**Data:**
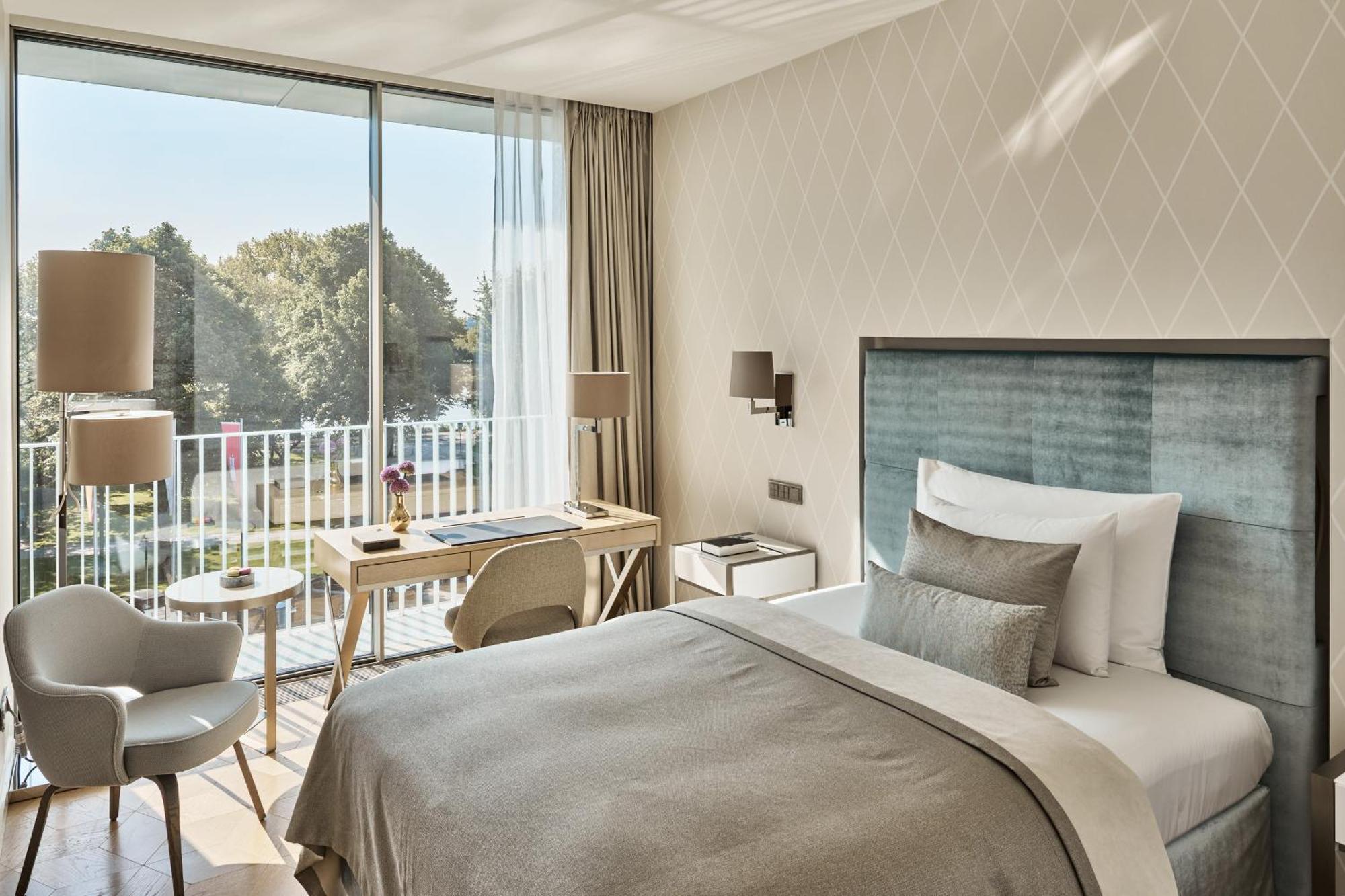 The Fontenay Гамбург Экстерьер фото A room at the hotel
* * *
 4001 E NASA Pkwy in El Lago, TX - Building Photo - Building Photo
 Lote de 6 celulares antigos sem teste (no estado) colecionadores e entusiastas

**Brief:** The reply should consist solely of the lines above from the one that has "4001 E NASA" through the one that has "Lote de 6 celulares", reproduced exactly.

**Exercise answer:**
 4001 E NASA Pkwy in El Lago, TX - Building Photo - Building Photo
 Lote de 6 celulares antigos sem teste (no estado) colecionadores e entusiastas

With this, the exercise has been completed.